The Picture of Dorian Gray is currently on at Richmond Theatre, adapted and directed by Sean Aydon and reviewed below by John O’Brien:-

Oscar Wilde (1854 – 1900) wrote his only novel “The Picture of Dorian Gray” in 1891. It has been adapted for the stage by Sean Aydon who also directs the play. If like me, you enjoyed the wonderful BBC documentary about Oscar Wilde last Saturday “The Importance of Being Oscar” then this chance to catch up with more Wilde is most timely. Part psychological thriller, part social satire “The Picture of Dorian Gray” has all the hallmarks of classic Wilde. The witty dialogue interspersed with outrageous aphorisms, the back and forth battle between life and art, does art mirror life or does life imitate art? The contrast between marriage and freedom, conventional respectable society and the bohemian pursuit of hedonism. These are all familiar themes from Wilde’s plays. “The Picture of Dorian Gray” adds to this the post-Nietzschean “God is Dead” notion that there is no such thing as morality and that the individual should be free to do whatever he wishes. What are the consequences of such a view of life? This is the territory that “The Picture of Dorian Gray” explores.
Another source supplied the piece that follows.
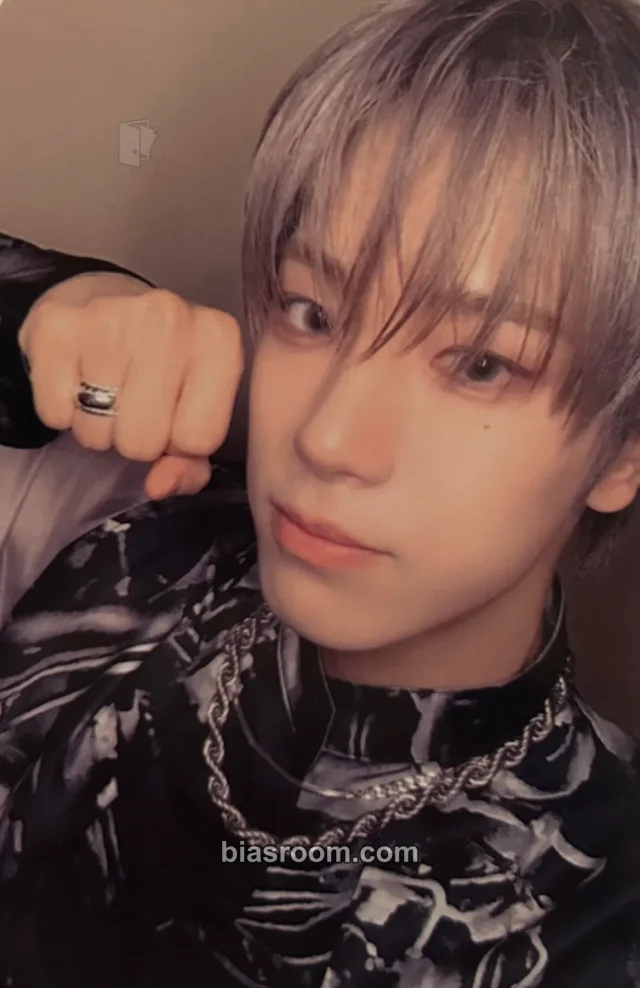 Song Seungho CLOSE YOUR EYES Blackout Official Merchandise K-pop photocard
Wilde came up with a fascinating metaphor to illustrate this philosophical question. What if a man could keep his good looks, remain for ever young and get away with behaving badly and in return the only cost would be that his portrait turns ugly. Art would pay the price for the living individual. This essentially is the plot of “The Picture of Dorian Gray”. The struggle between good and evil had been a central theme of religion. Heaven and Hell being the most obvious expression of this. Christopher Marlowe’s Dr Faustus (1589) is perhaps the key influence on Wilde. The genius of Wilde is to internalise the conflict. It’s all taking place within the individual, not externally via God. This psychological turn was very characteristic of the late nineteenth century. Not just Nietzsche but also Robert Louis Stevenson in “The Strange Case of Dr Jekyll and Mr Hyde” (1886). Wilde doesn’t just internalise and psychologise the question, he also makes it centre on art. Art is now our touchstone not religion. So Dorian is not reading the bible but looking at paintings, plays and books. In a novel this works wonderfully well as we move between psychology, philosophy, satire and a gripping narrative. But the question is can it be translated onto the stage?
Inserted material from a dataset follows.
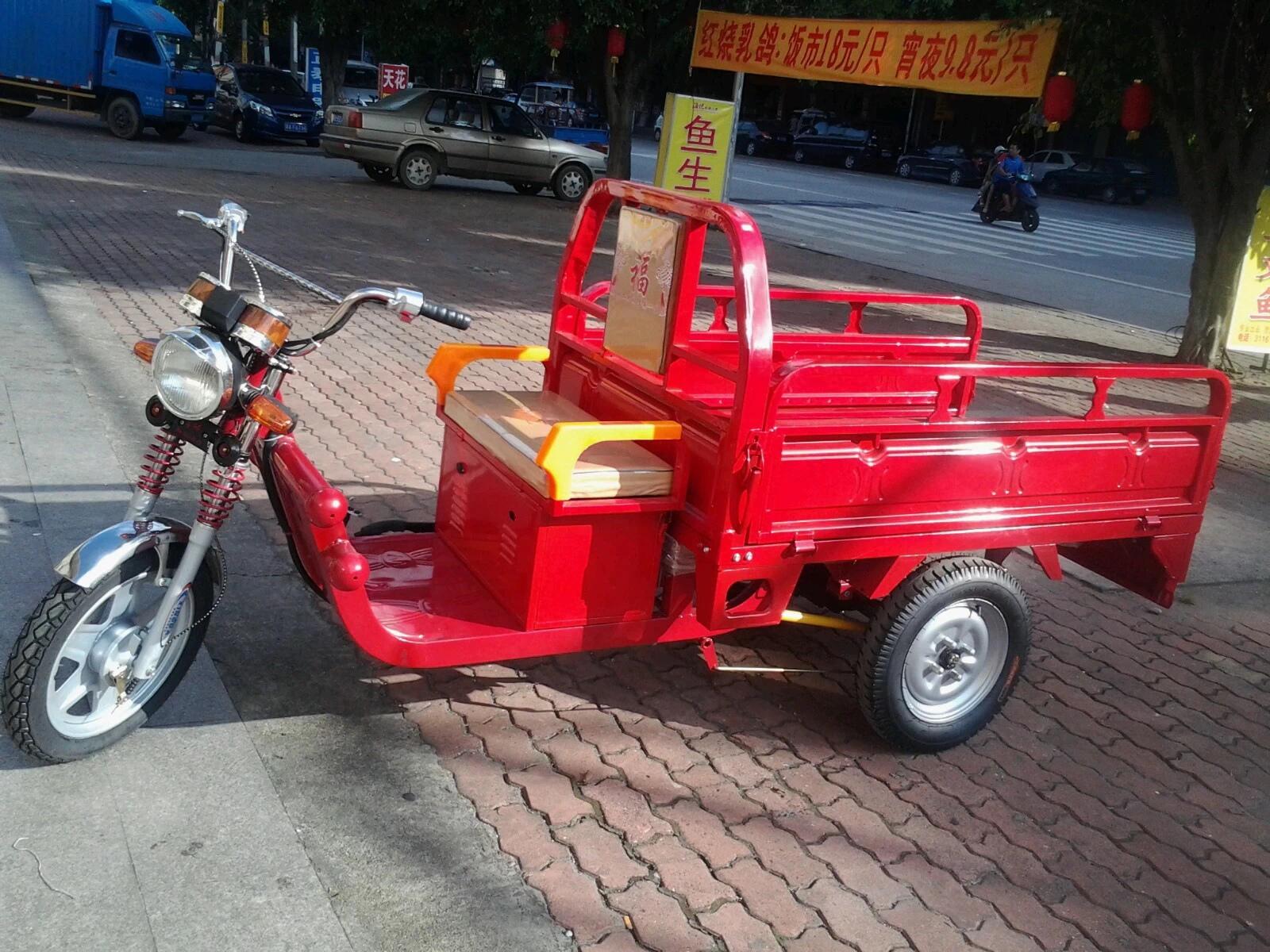 炬运电动三轮车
This is the challenge for Sean Aydon and his team. Have they succeeded? Yes and no. The trap to avoid is philosophising. Show don’t tell should be the watchword. Unfortunately there are scenes which do too much telling and not enough showing. A tighter show with perhaps twenty minutes cut out would give more pace and momentum to the show. The fact that the portrait gets uglier wasn’t made sufficiently clear. It was assumed rather than made explicit. Jonathan Wrather spoke so softly at times that it was difficult to hear what he was saying.
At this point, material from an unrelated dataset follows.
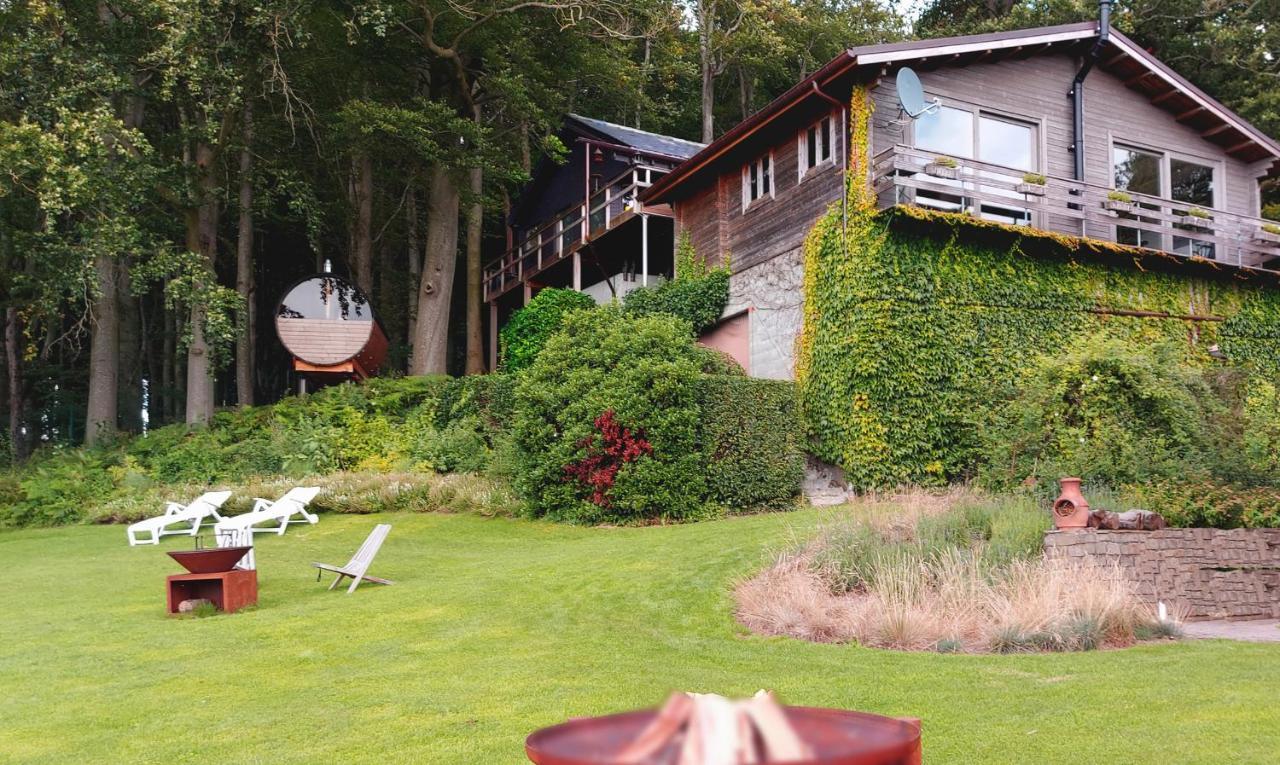 Chalet De La Sabliere Amougies 외부 사진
On the plus side Sarah Beaton’s set is superb. The door frame, centre stage is both a door frame and a frame for a work of art. The black void beyond the frame suggests the darkness into which Dorian is entering. There are some fine performances. Phoebe Pryce as Lady Victoria Wotton is wonderfully arch and supercilious. In a marvellous seduction scene on the chaise lounge Dorian asks if he may call her Victoria to which she replies coldly “no you may not”. Moving away as Dorian attempts to kiss her she gets up and informs him that she is going to change. Then just as we and Dorian think the moment has passed she turns and teases “… aren’t you coming”. Her husband, the aristocratic libertine Lord Henry Wotton is very well captured in Jonathan Wrather’s nuanced performance. Never without a cigarette or drink in his hand, Lord Henry, with swept back hair and silk neckerchief, is a monster of immoral selfishness. Jonathan Wrather’s performance brings out the Byronic “mad, bad and dangerous to know” qualities of someone like Lord Henry and how easy it is for him to captivate the young Dorian.

Gavin Fowler’s Dorian is compellingly good. He starts off as a young innocent, puppy like in his enthusiasms. He undergoes a transformation into a hedonistic spoilt brat under Lord Henry’s tutelage and then becomes a truly grotesque sadist in his last phase of Marquis De Sade like descent into the moral abyss.

On balance there is enough on offer here to justify a night in the company of Dorian Gray.